You are viewing a plain text version of this content. The canonical link for it is here.
Posted to issues@spark.apache.org by "Michael Armbrust (JIRA)" <ji...@apache.org> on 2015/01/13 06:45:34 UTC
[jira] [Resolved] (SPARK-5138) pyspark unable to infer schema of
namedtuple
[ https://issues.apache.org/jira/browse/SPARK-5138?page=com.atlassian.jira.plugin.system.issuetabpanels:all-tabpanel ]
Michael Armbrust resolved SPARK-5138.
-------------------------------------
Resolution: Fixed
Fix Version/s: 1.3.0
Issue resolved by pull request 3978
[https://github.com/apache/spark/pull/3978]
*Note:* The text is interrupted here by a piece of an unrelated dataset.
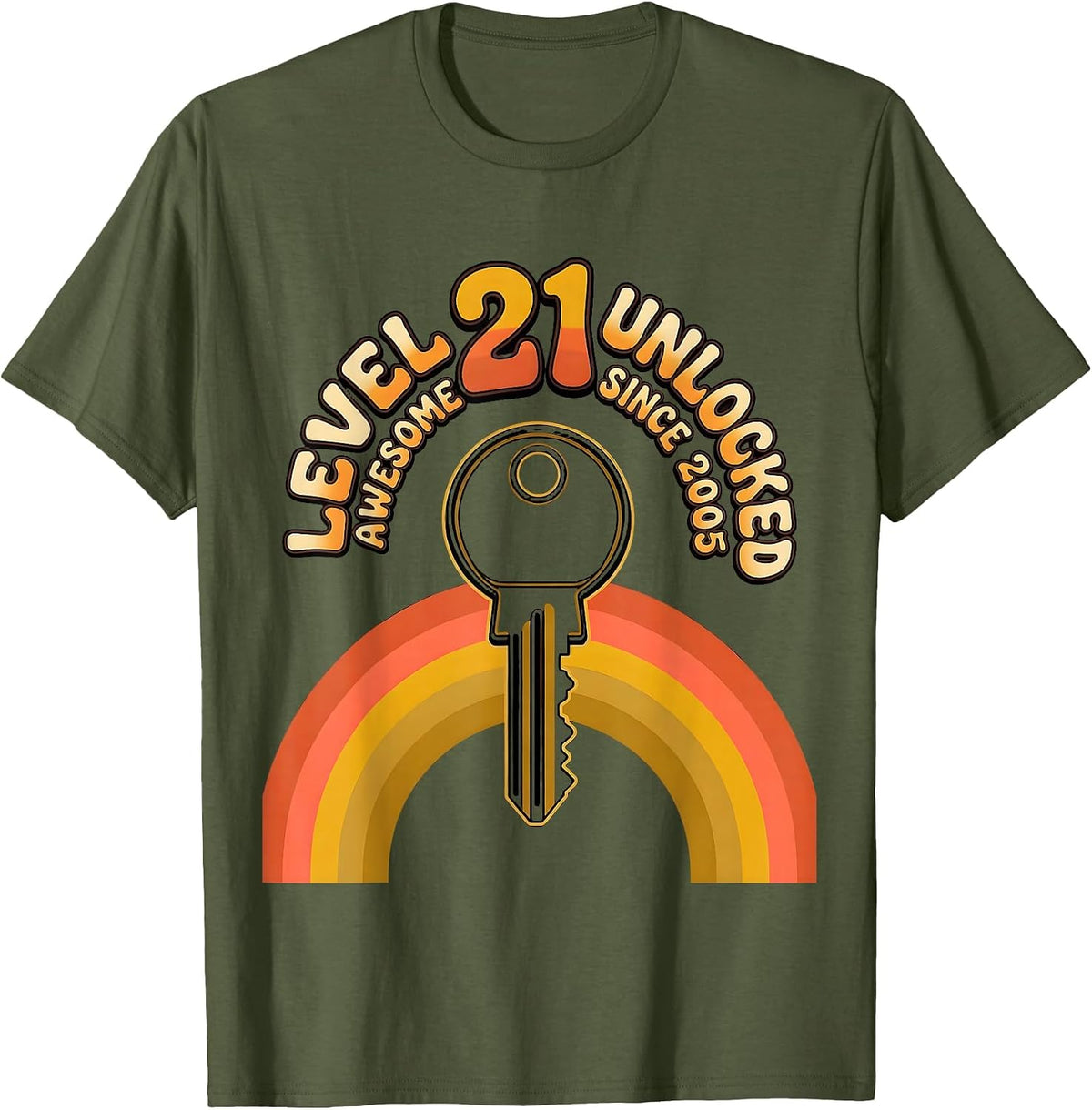 Level 21 Unlocked Awesome Since 2005 Retro Vintage Gamer T-Shirt - Olive Green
> pyspark unable to infer schema of namedtuple
> --------------------------------------------
>
> Key: SPARK-5138
> URL: https://issues.apache.org/jira/browse/SPARK-5138
> Project: Spark
> Issue Type: Bug
> Components: PySpark, SQL
> Affects Versions: 1.2.0
> Reporter: Gabe Mulley
> Priority: Trivial
> Fix For: 1.3.0
>
>
> When attempting to infer the schema of an RDD that contains namedtuples, pyspark fails to identify the records as namedtuples, resulting in it raising an error.
> Example:
> {noformat}
> from pyspark import SparkContext
> from pyspark.sql import SQLContext
> from collections import namedtuple
> import os
> sc = SparkContext()
> rdd = sc.textFile(os.path.join(os.getenv('SPARK_HOME'), 'README.md'))
> TextLine = namedtuple('TextLine', 'line length')
> tuple_rdd = rdd.map(lambda l: TextLine(line=l, length=len(l)))
> tuple_rdd.take(5) # This works
> sqlc = SQLContext(sc)
> # The following line raises an error
> schema_rdd = sqlc.inferSchema(tuple_rdd)
> {noformat}
> The error raised is:
> {noformat}
> File "/opt/spark-1.2.0-bin-hadoop2.4/python/pyspark/worker.py", line 107, in main
> process()
> File "/opt/spark-1.2.0-bin-hadoop2.4/python/pyspark/worker.py", line 98, in process
> serializer.dump_stream(func(split_index, iterator), outfile)
> File "/opt/spark-1.2.0-bin-hadoop2.4/python/pyspark/serializers.py", line 227, in dump_stream
> vs = list(itertools.islice(iterator, batch))
> File "/opt/spark-1.2.0-bin-hadoop2.4/python/pyspark/rdd.py", line 1107, in takeUpToNumLeft
> yield next(iterator)
> File "/opt/spark-1.2.0-bin-hadoop2.4/python/pyspark/sql.py", line 816, in convert_struct
> raise ValueError("unexpected tuple: %s" % obj)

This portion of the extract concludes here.